So using winmtr.net as an example site, the following happens:

 

Ping’s work to winmtr.net fine.

The website works fine.

I go to download the winmtr file… however the download gets interrupted (TCP RST) at between 600kb and 1100kb. This is guaranteed to happen and I have replicated it time and time again.

When the download gets interrupted, the pings stop working and I can’t access the website anymore.

After a period of some minutes, I can again access the website – however the pings remain unreplied. It seems they remain unreplied until I stop the ping, and then after a few minutes I can resume them…as if they are blocked indefinitely until I stop the requests and then after a period they are allowed again….some sort of flood control?
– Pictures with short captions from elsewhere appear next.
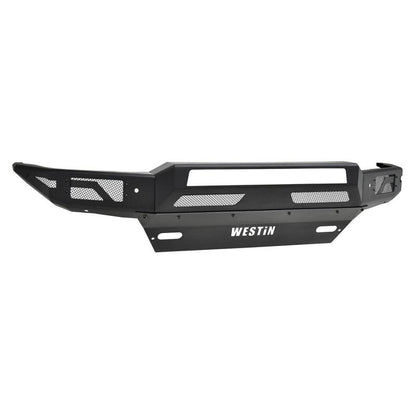 Westin Pro-Mod Front Bumper 58-41005 Photo - Unmounted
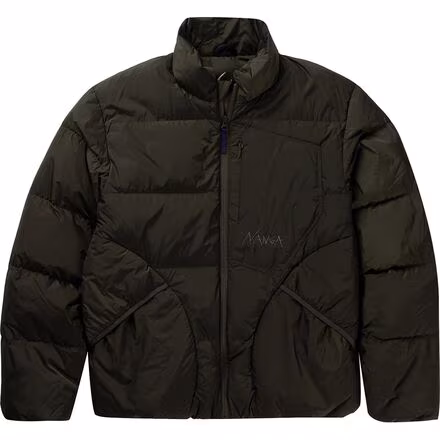 Mazeno Ridge Jacket - Men's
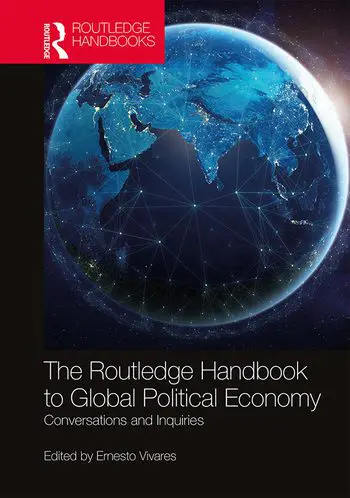 The International Political Economy of Global Tax Governance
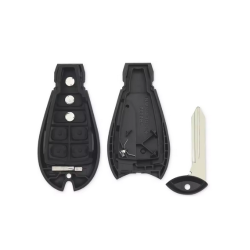 TELEMANDO FOBIK CHRYSLER/DODGE/JEEP 3 BOTONES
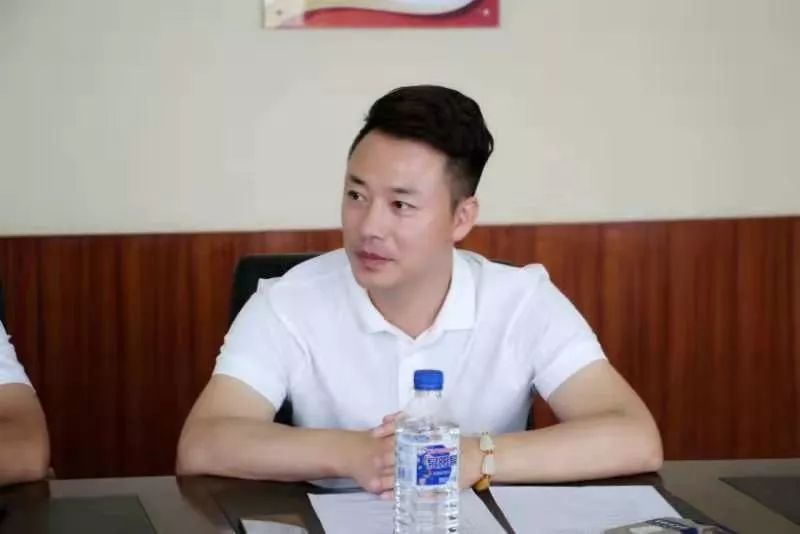 创业路上的追梦人李海波▏坚定信念苦尽甘来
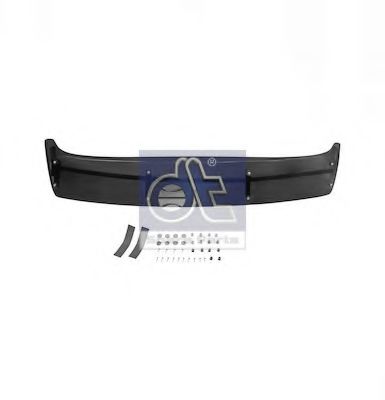 Солнцезащитный козырёк DT 468228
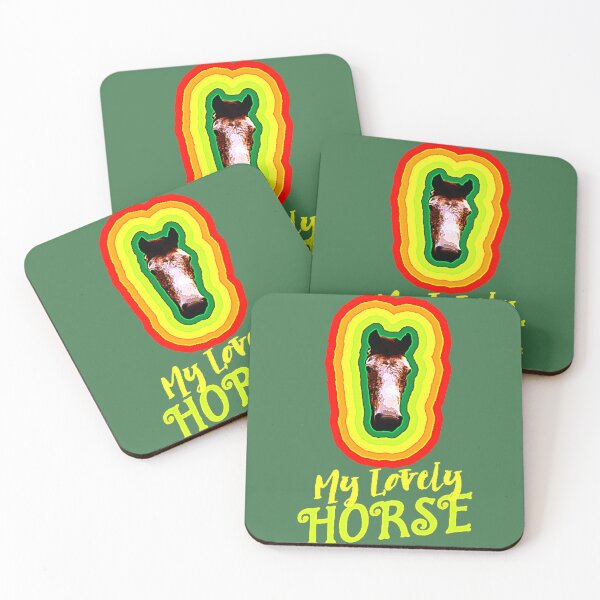 Item preview, My Lovely Horse  designed and sold by MartyLarose.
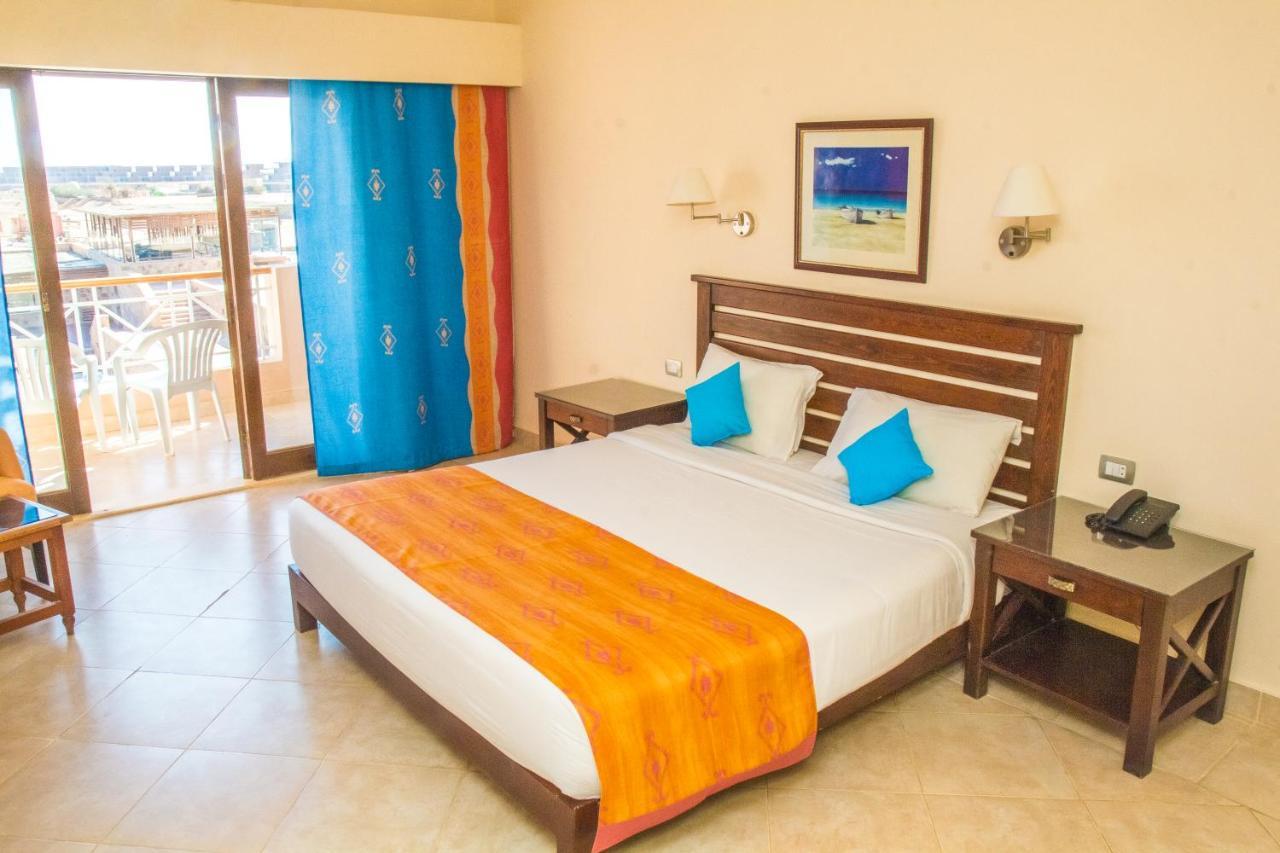 Complex Viva Blue And Diving Sharm El Naga (adults Only) 4*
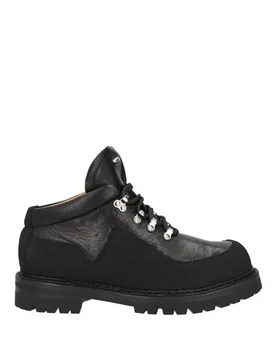 Botines de caña alta Hombre Negro 40,41,43,44 Hombre - Our legacy - FashionsVida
Here’s a SS of the TCP dump explaining the above. note that the ICMP Echoes have no corresponding reply packets:

 

 

I have ruled out our office firewall as the cause as it happens when I plug in a laptop on the same address, ruling out the firewall.

If I change the firewall WAN Ip to anything but 17.17 (Ie: 17.18) everything works fine!

 

Any other device on this subnet has no issues – it is ONLY 17.17.

 

We do have a netenforcer shaper in the path – however I have ruled that out as we bypassed it for a while and the issue still existed.

We don’t want to have to change the WAN IP to something else as there are a whole bunch of inbound connections going to that IP. But at this stage I can’t think of anything else we can do?

I have contacted our upstream peer and they say there is no Dos/flood control or anything of sorts on the circuit.

It’s not just winmtr, but about 70% of international sites we try to access.

 

I have run winmtr (I downloaded it via a VPN, in case you’re wondering) and interestingly the path doesn’t change much when I break the connection to winmtr.net – however the PL is about 100% anyway after hop 7 so it’s not very revealing.  

 

So, what say you NZNOGgers that are waiting for 5pm to tick over and drink those Christmas beers?

 

 

Julian Maxwell